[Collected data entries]
====

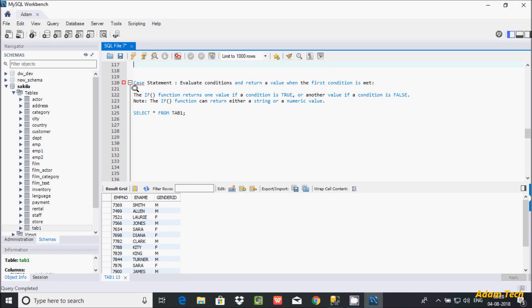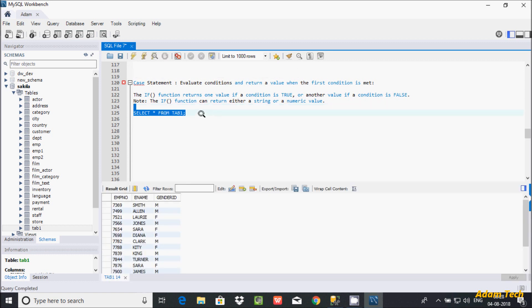In this video I'm going to discuss the CASE statement and IF function in MySQL database. The CASE statement evaluates a condition and returns a value when the first condition is matched. The IF function returns one value if a condition is true, or another value if a condition is false, and it can return either a string or numeric value. I'm using the table 'tab1' for the examples.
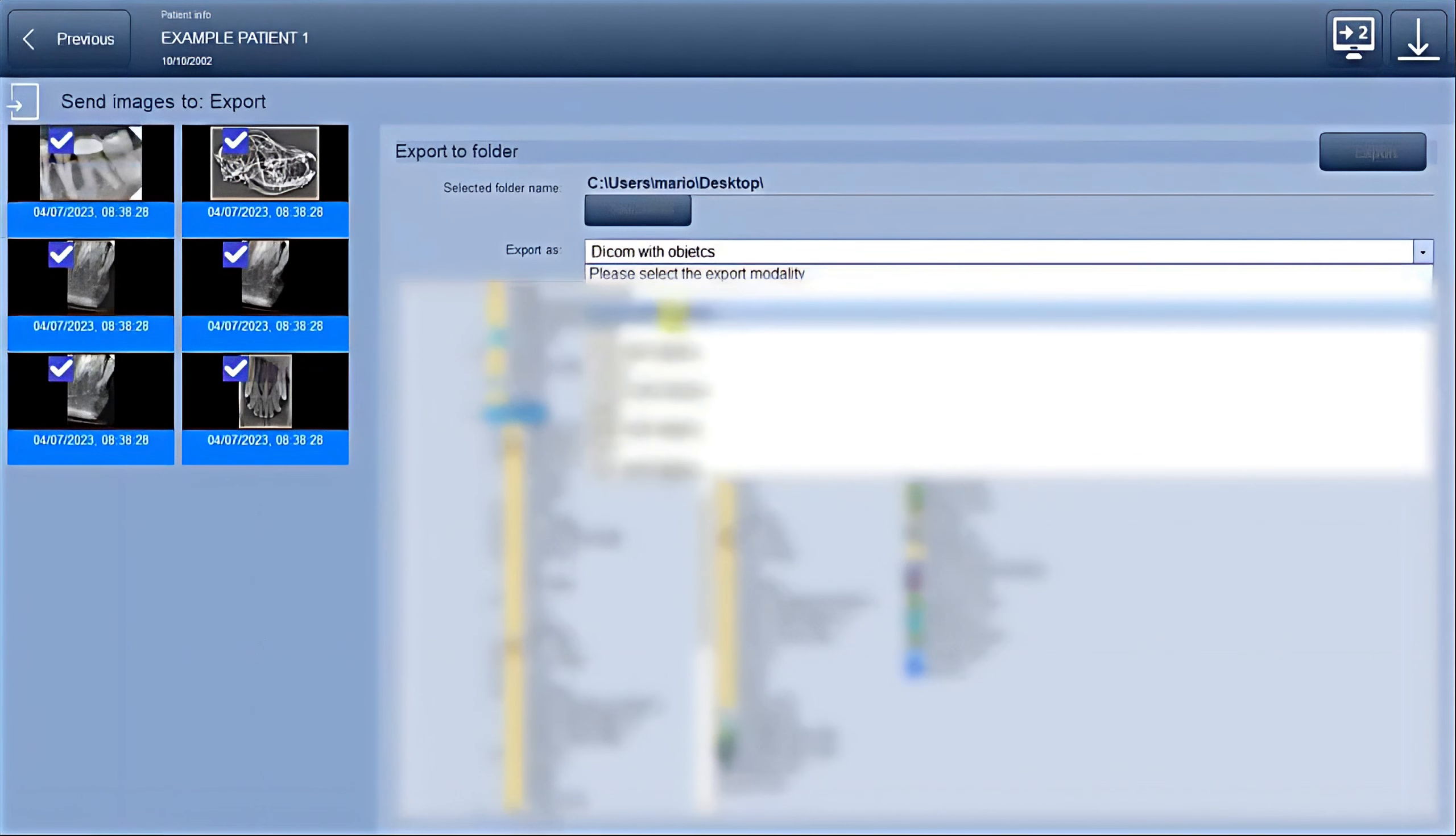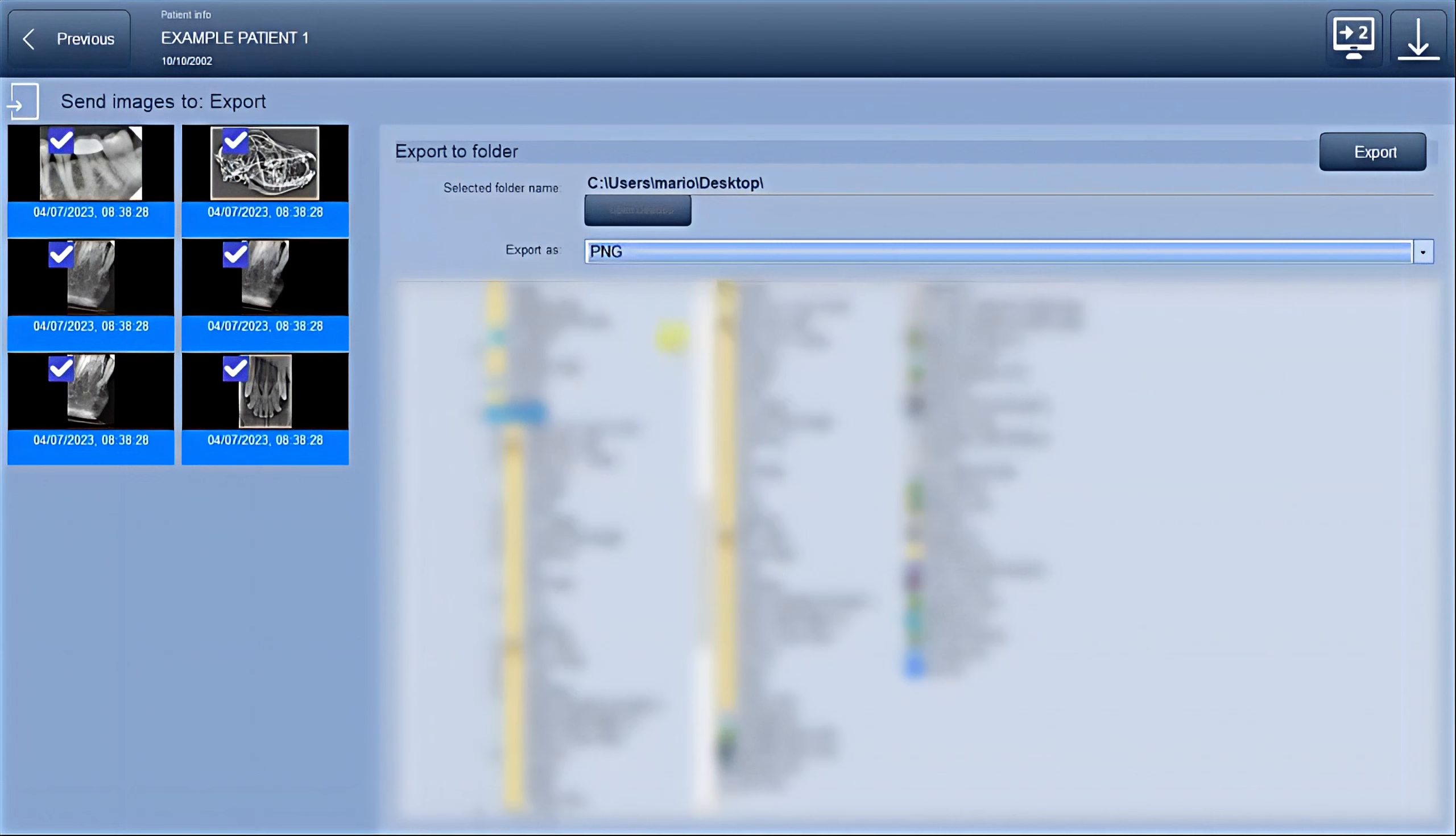keep an eye out for a green check icon that will appear next to the images. This indicates that the images have been successfully exported.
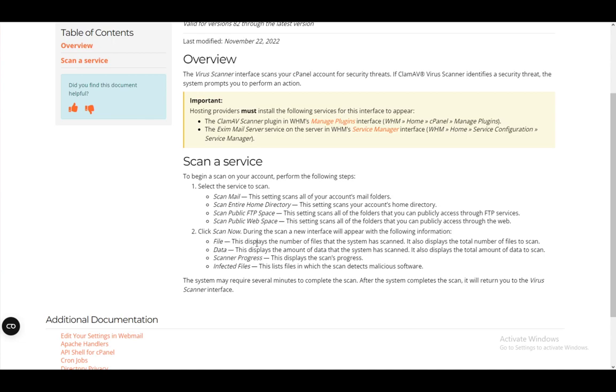The file which shows the number of files scanned, the data which showcases the amount of data scanned, the scanner progress which displays the scanned progress, and infected files which lists files in which the scan detects malicious software.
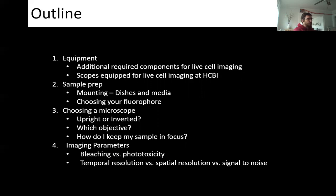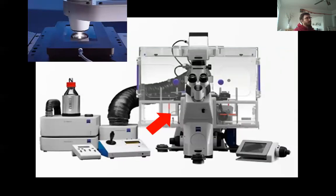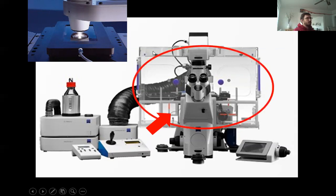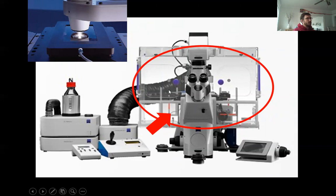Let's start with equipment. Here's a live cell setup with our standard inverted microscope in the middle. The first thing you notice is this big plexiglass box around the outside — you've probably seen these in the HCBI. We have one on our 880 and one on the new Elyra. It's just a big plexiglass box with a large black tube coming off a heater and a fan that blows hot air into the microscope to warm up the environment.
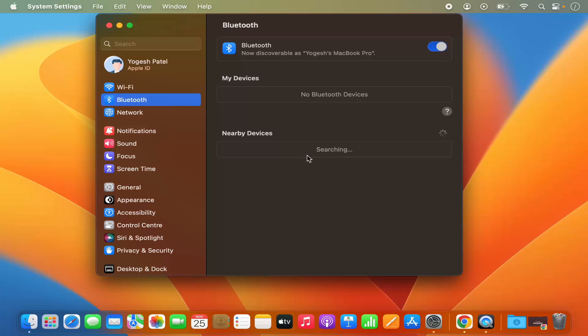Now let's say you don't want to open the System Settings again and again in order to enable or disable this Bluetooth.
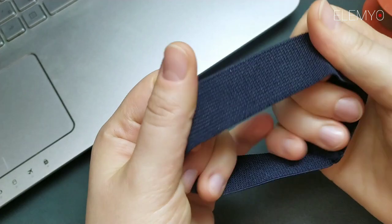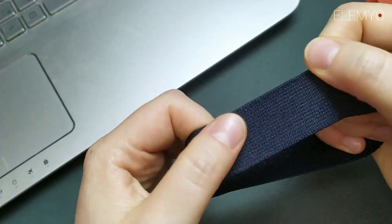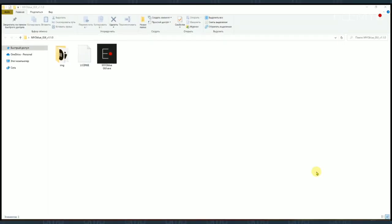For signal visualization, we will use our free open-source software, Myoblugui. You can find the download link and the detailed instruction for the installation in the description below.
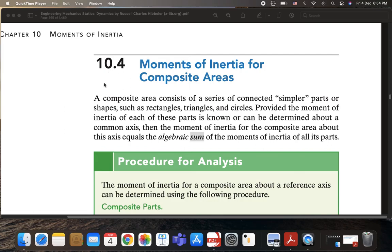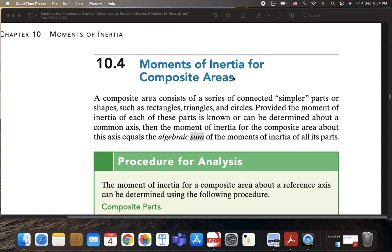Today we will be discussing chapter 10 section 4 (10.4) in our study of statics. We will be discussing the moments of inertia for composite areas — composite areas instead of continuous areas as we used to discuss in chapter 10 section 2. We have composite areas, like when we found centroids for composite areas and had to find the centroid for the whole area.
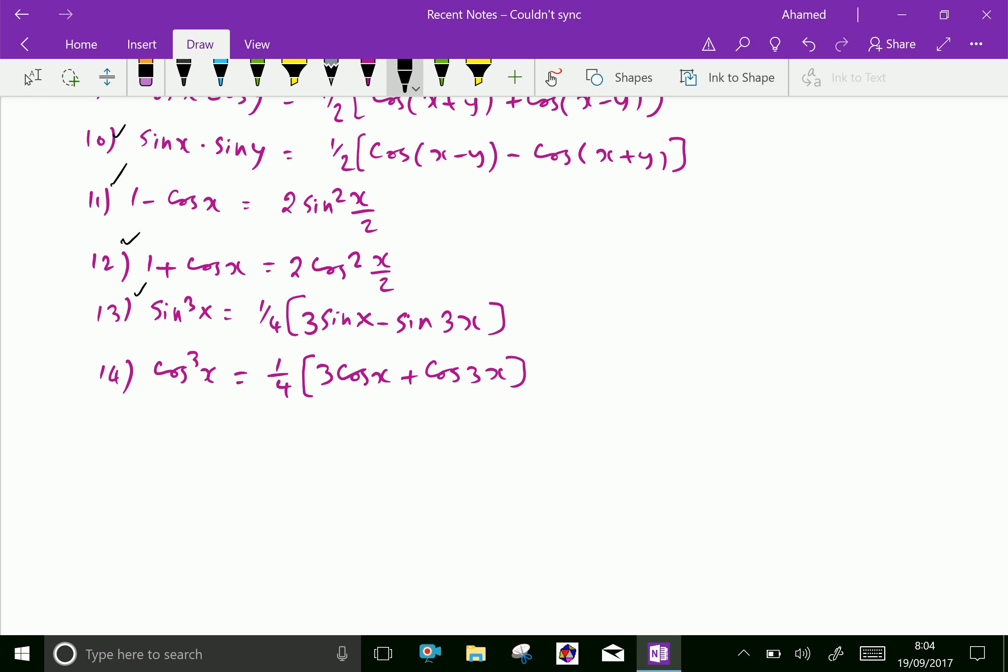These identities are more useful to integrate trigonometric functions in an easy and faster manner.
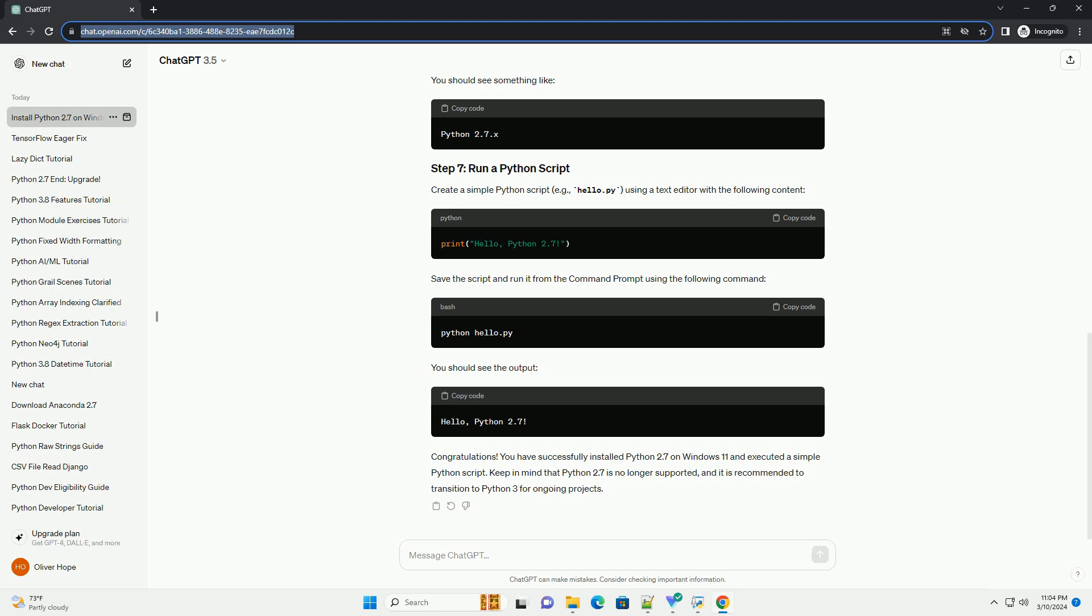Download Python 2.7. Visit the Python 2.7 download page, https://www.python.org/download/release/python-279. Download the Windows installer, Windows x86-64 MSI installer for 64-bit or Windows x86 MSI installer for 32-bit, based on your system architecture. Run the installer.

====

# [PROBLEM TO WORK ON]
Your answer must be an exact copy of the records, free of images.

# [WRITTEN ANSWER]
In this video I'm going to discuss the CASE statement and IF function in MySQL database. The CASE statement evaluates a condition and returns a value when the first condition is matched. The IF function returns one value if a condition is true, or another value if a condition is false, and it can return either a string or numeric value. I'm using the table 'tab1' for the examples.
keep an eye out for a green check icon that will appear next to the images. This indicates that the images have been successfully exported.
The file which shows the number of files scanned, the data which showcases the amount of data scanned, the scanner progress which displays the scanned progress, and infected files which lists files in which the scan detects malicious software.
Let's start with equipment. Here's a live cell setup with our standard inverted microscope in the middle. The first thing you notice is this big plexiglass box around the outside — you've probably seen these in the HCBI. We have one on our 880 and one on the new Elyra. It's just a big plexiglass box with a large black tube coming off a heater and a fan that blows hot air into the microscope to warm up the environment.
Now let's say you don't want to open the System Settings again and again in order to enable or disable this Bluetooth.
For signal visualization, we will use our free open-source software, Myoblugui. You can find the download link and the detailed instruction for the installation in the description below.
Today we will be discussing chapter 10 section 4 (10.4) in our study of statics. We will be discussing the moments of inertia for composite areas — composite areas instead of continuous areas as we used to discuss in chapter 10 section 2. We have composite areas, like when we found centroids for composite areas and had to find the centroid for the whole area.
These identities are more useful to integrate trigonometric functions in an easy and faster manner.
Download Python 2.7. Visit the Python 2.7 download page, https://www.python.org/download/release/python-279. Download the Windows installer, Windows x86-64 MSI installer for 64-bit or Windows x86 MSI installer for 32-bit, based on your system architecture. Run the installer.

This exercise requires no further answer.